Finally with my job which leads to a larger problem, is the rampant homophobia, it's sickening. The kids call the more effeminate boys faggot on a regular basis and the staff is silent. They say nothing and I've been trying to stop the kids, but they ignore me and still call the kids names. I don't know how much more I can take, and when it's not the kids it's the staff behind the kids back talking about how nasty the idea of two people of the same sex together is. Again I speak up only to be dismissed. I can't stand it anymore, so I call one oh my good friends, really one of my best friends, and I'm complaining about this all and her reaction breaks my heart. We bonded because we were Christians in college, I have always been more liberal and she always more conservative, and her stance on homosexuality is hard to miss, it's always been a point of contention for us, but today as I spoke with her and explained why I was so bothered by the behavior of the staff and kids at my job, she agreed that their behavior was wrong, but not their opinions.

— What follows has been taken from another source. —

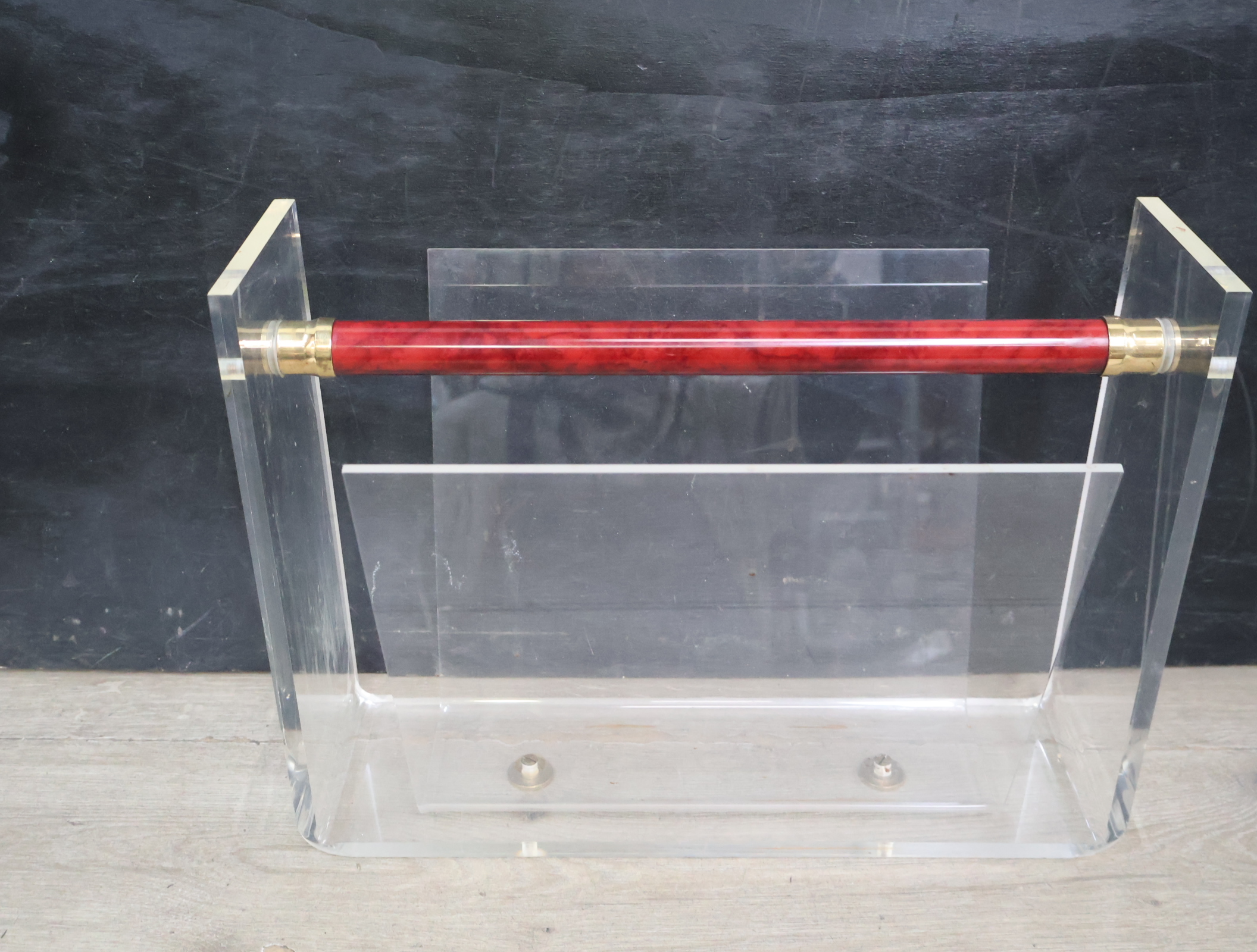 Transparante plexiglas tijdschrifthouder – foto 4 – kavel bij GSD Auctions, Zoeterwoude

She said "they don't have to respect that lifestyle, I don't and never will" and when she said this I realized that our friendship may very well have an expiration date set, to when she finds out that I'm a lesbian. When that happens, I am going to be crushed, I love her like a sister, we've been through soo much together and she's really been there to support me in a lot of ways and I can't imagine not having her as a friend. However, I am becoming more and more convinced that our friendship will not survive. We went on spring break together along with my best friend and we talked about more trips, but she's one of the main ones that I've been terrified about coming out to I know that she will question every compliment and hug I've ever given her. I know with my head that if someone is not going to support me I should say screw them and move on with my real friends, but I don't know if I can let go of this friendship so easily.

This is just too much!!

Friday, July 14, 2006

The power of the voice

There is power in giving voice to your concerns. For so long I have kept my feelings for women and confusion over my sexual identity to myself. I had decided to bury my feelings and I prayed that they would never surface (clearly that did not work). Even in the past months I sat and worried, stressed over thought and just made myself miserable over the question of my own sexuality. I thought that if I said it out loud, if I said that I want to be with women out loud, it would make it real. I fought so long trying to suppress my feelings; in the process I suppressed me. When I decided to start this blog I felt better I was able to get it out of my head and written down for others to read and know, but I still had not said it. When I talked to my best friend the first time we only got to talk very briefly and I was a ball of nerves. After talking to her briefly I already began to feel better, I had gotten it out, but I still hadn't given adequate voice to my sexuality. I had not let the words linger out in the air; I kept them locked up in solitary confinement. So yesterday my best friend and I finally got to have one of our typical 2 hour conversations, and I said it. I told her about my feelings as a child, I told her about my fear of how my life would change. I told her exactly how I feel and have felt. As the great best friend she is she listened, she encouraged me, she actually told me she likes me as a lesbian lol. I felt support, I just talked and talked and talked, and the more I talked the more comfortable I felt within my own skin. I was reminded of this amazing quote from Audre Lorde's daughter in her essay on the transformation of silence in language and action, she says

"Tell them about how you're never really whole person if you remain silent, because there is always that one little piece inside you that wants to be spoken out, and if you keep ignoring it, it gets madder and madder and hotter and hotter, and if you don't speak it out one day it will just up and punch you in the mouth from the inside."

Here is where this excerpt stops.